À la tentation d’exploiter ces données pour des raisons commerciales déjà évoqué plus haut, s’ajoute également le risque que les données fuitent, par exemple suite à une attaque (une telle cible est si attractive), ou en raison d’une négligence. L’histoire récente nous a montré que tôt ou tard, on doit s’attendre à de tels épisodes.
C’est le citoyen qui assume toute la responsabilité
En cas d’usurpation ou de vol d’identité, c’est le citoyen qui risque de devoir prouver sa bonne foi, comme l’indique l’ art. 12 de la loi.
Quelles sont les « mesures nécessaires et raisonnablement exigibles » pour empêcher des abus ? C’est le flou complet à ce sujet et c’est inadmissible.
La loi n’est pas euro-compatible
Dès le début des discussions sur cette loi, il était prévu, afin d’éviter la paperasserie et une bureaucratie inutiles, que la solution adoptée soit compatible avec la législation de l’Union européenne.
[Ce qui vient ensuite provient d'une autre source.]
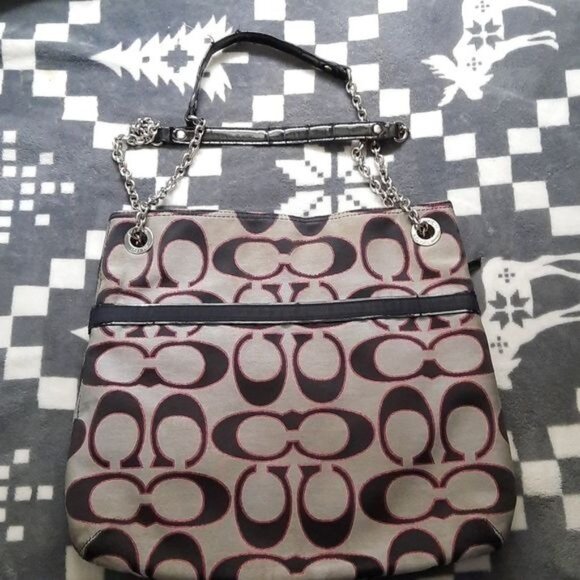 Coach Black Gray Pink Canvas Chain Strap Shoulder Tote Handbag No H1282-21161 - Picture 2 of 16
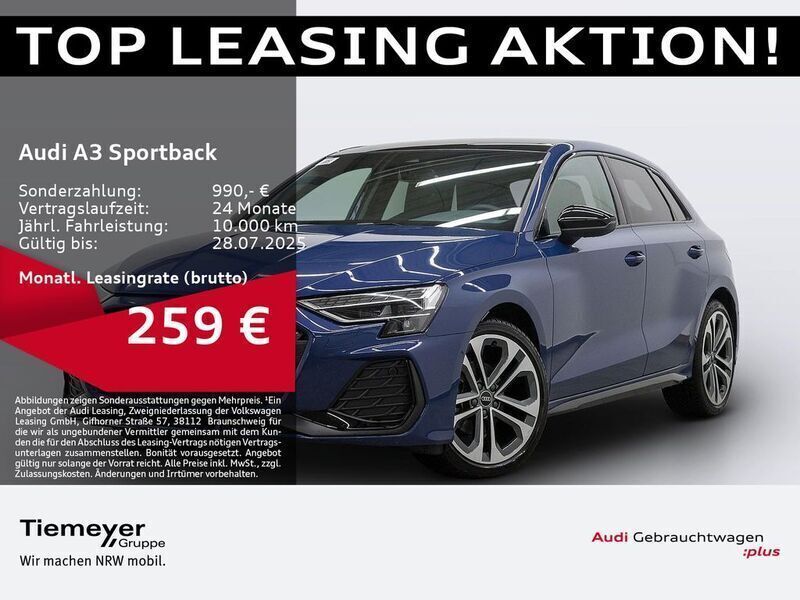 Blau Gebraucht 2024 Audi A3 Sportback S-Line Limousine | 37.850 € (Fairer Preis) - Bild 1/4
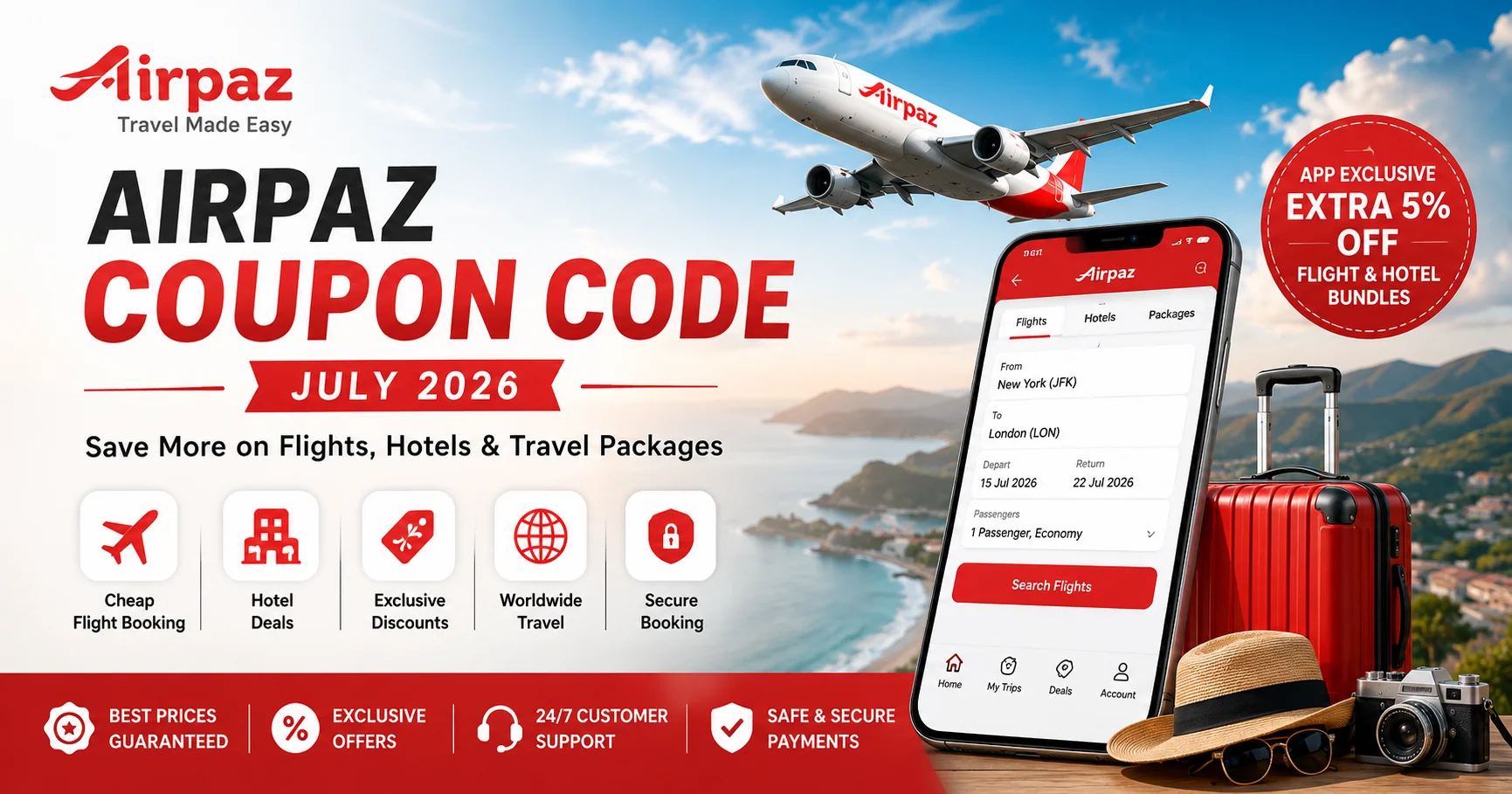 Airpaz Coupon Code July 2026 featured banner showcasing flight booking discounts, hotel deals, travel packages, and exclusive Airpaz promo offers for affordable travel.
Le projet de loi actuel ne l’est pas, et, selon les experts, devrait être fondamentalement modifié pour être rendu conforme au droit européen.
La conséquence ? ce qui devrait nous faciliter les transactions numériques pourrait les rendre impossibles ou plus compliquées à tout le moins : impossible d’utiliser l’e-ID suisse pour accéder aux services fournis par les pays voisins, et vice-versa. Quelle absurdité !
Mais soyons rassurés, la Confédération nous dit maintenant que l’euro-compatibilité n’est plus une priorité.
Ces graves problèmes montrent que la loi e-ID projetée n’est pas adéquate. Il est essentiel de la rejeter.